[Image-text web data]

"""

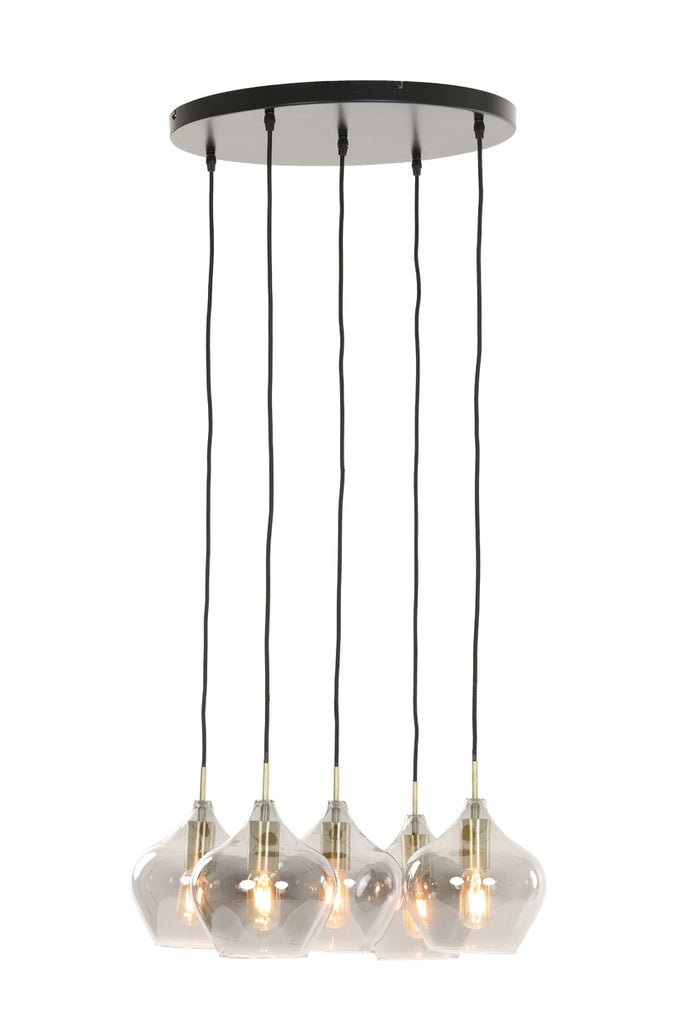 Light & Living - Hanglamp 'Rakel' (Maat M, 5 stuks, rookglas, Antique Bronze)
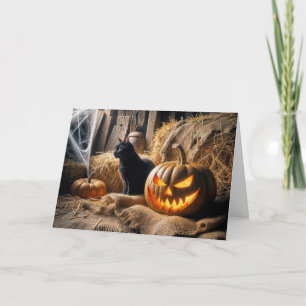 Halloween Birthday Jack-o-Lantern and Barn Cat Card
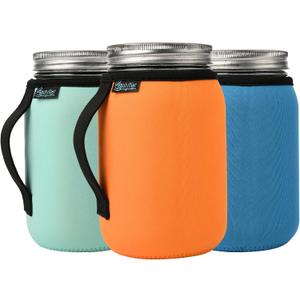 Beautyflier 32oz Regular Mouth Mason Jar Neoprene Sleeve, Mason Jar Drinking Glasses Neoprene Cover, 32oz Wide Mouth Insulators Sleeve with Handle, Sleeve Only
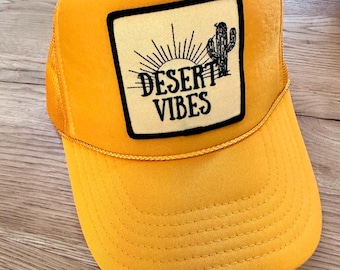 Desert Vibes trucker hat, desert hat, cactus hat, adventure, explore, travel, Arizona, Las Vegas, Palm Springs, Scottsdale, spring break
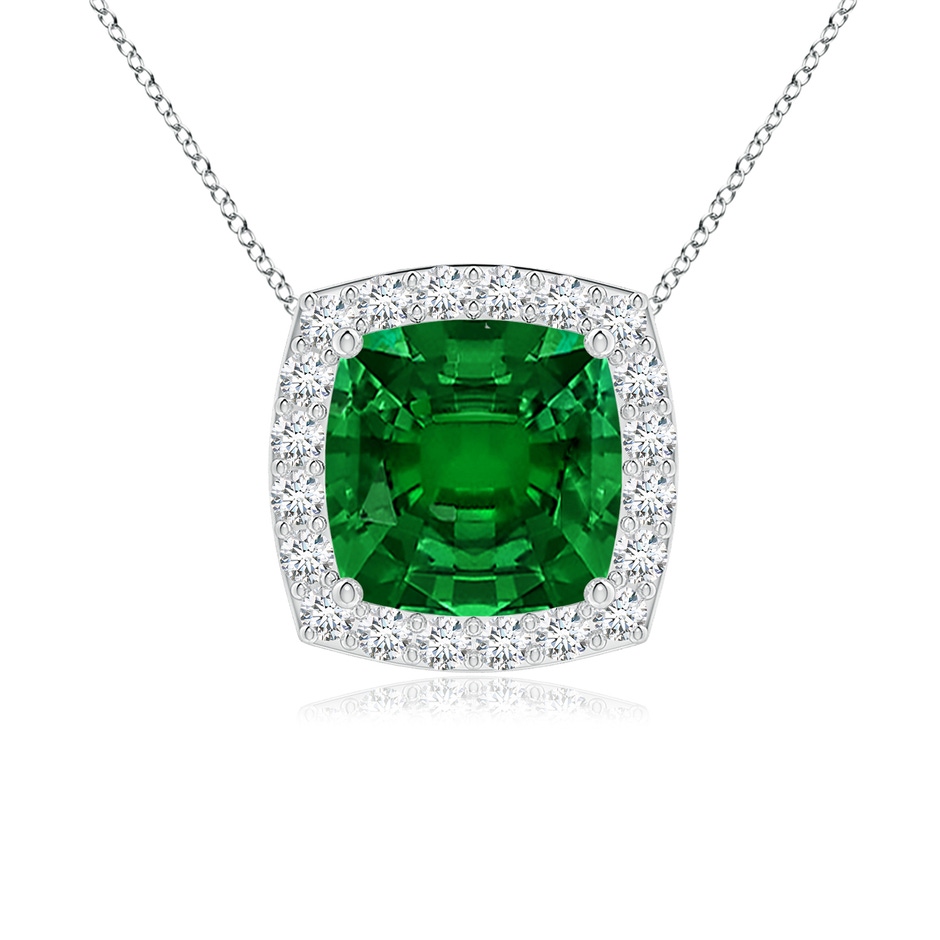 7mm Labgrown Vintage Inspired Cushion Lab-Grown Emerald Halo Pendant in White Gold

"""

**Try it:**
Only the lines from the top of the records through the line with "Halloween Birthday Jack-o-Lantern" belong in the copy; write them out exactly, leaving out pictures.

**Solution below:**
 Light & Living - Hanglamp 'Rakel' (Maat M, 5 stuks, rookglas, Antique Bronze)
 Halloween Birthday Jack-o-Lantern and Barn Cat Card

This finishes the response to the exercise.